--- Problem to work on ---
Only the lines from the one containing "Dsquared2 sweater maat S" through the end of the listing belong in the answer, repeated exactly, with no pictures.

--- The data ---
-- -- --

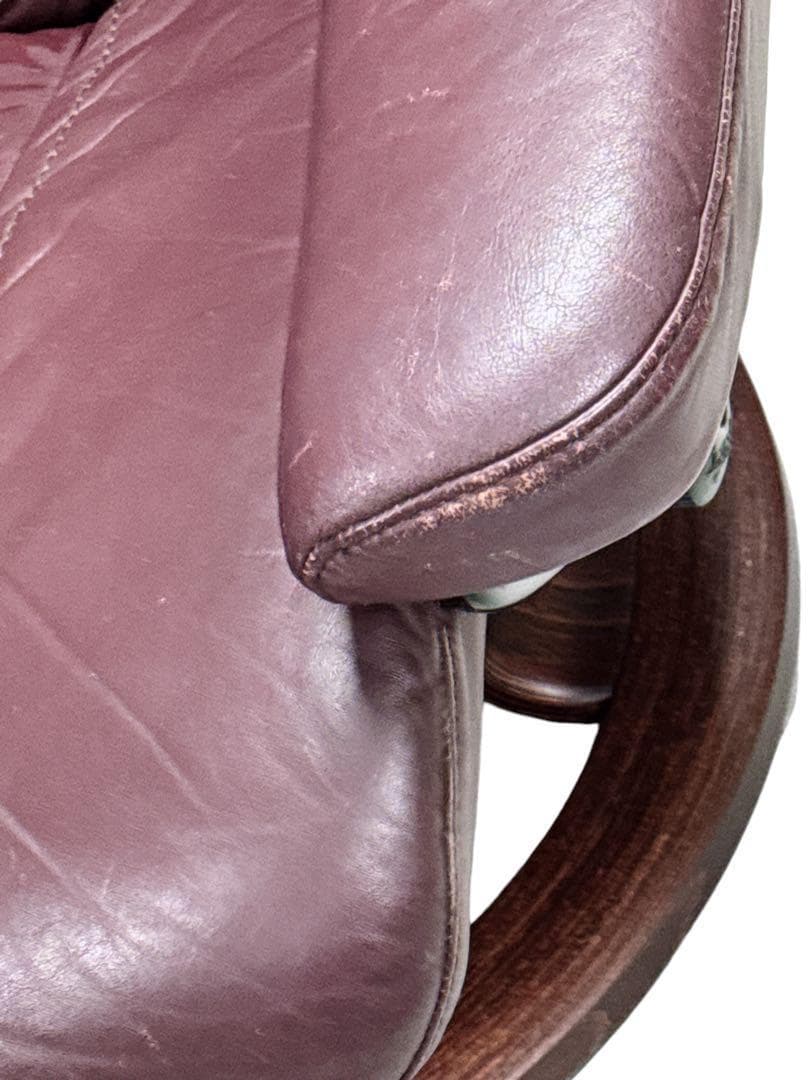 EKORNES エコーネス 希少品【ロイヤル】リクライニング　ストレスレスチェア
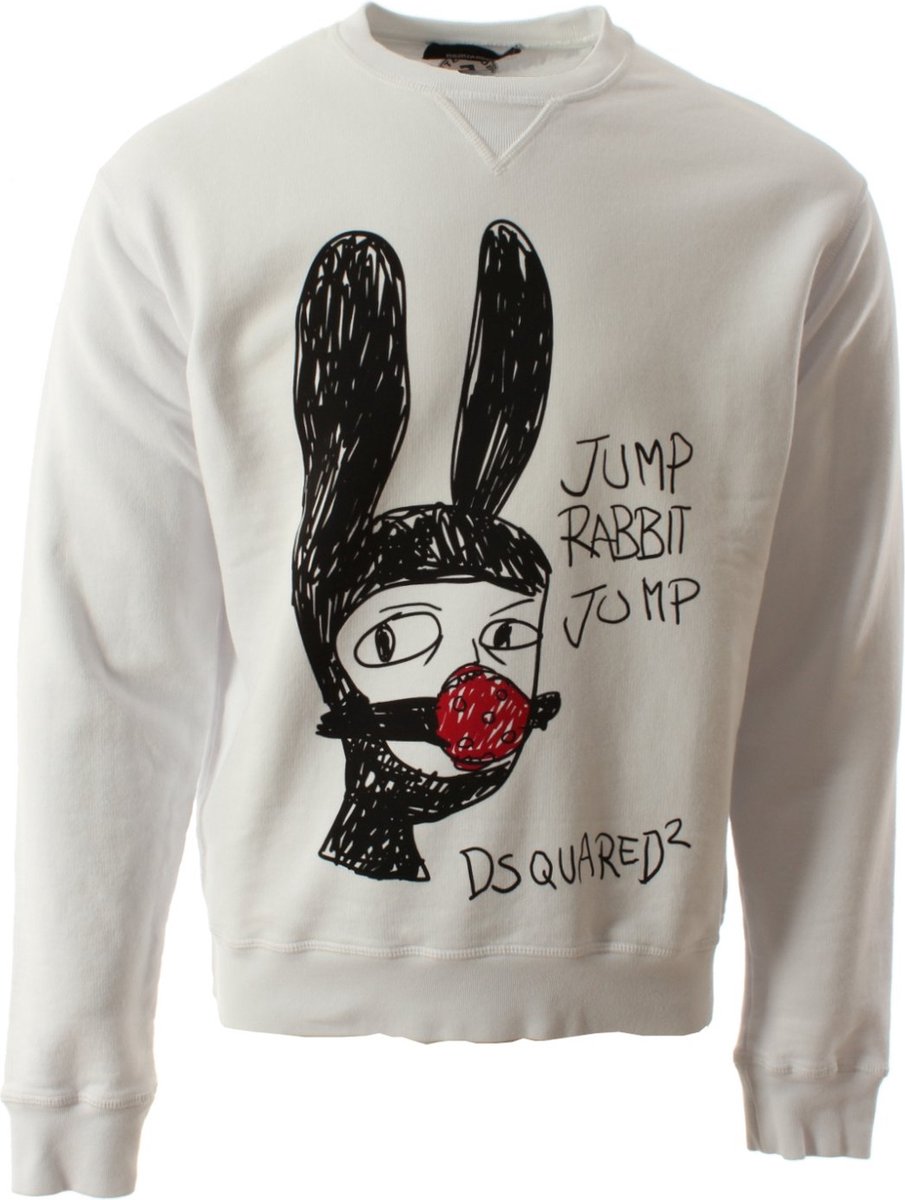 Dsquared2 sweater maat S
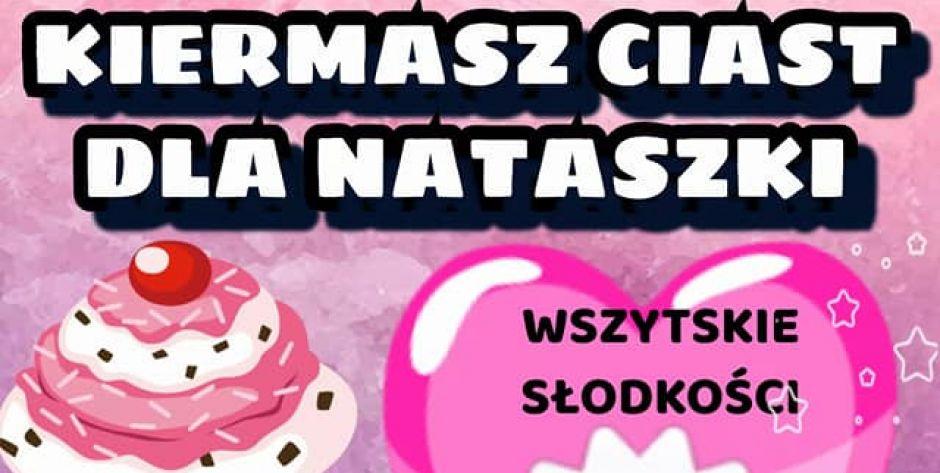 Coś słodkiego? Jutro kupicie! Pomożecie Nataszce!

-- -- --

--- The completed task ---
 Dsquared2 sweater maat S
 Coś słodkiego? Jutro kupicie! Pomożecie Nataszce!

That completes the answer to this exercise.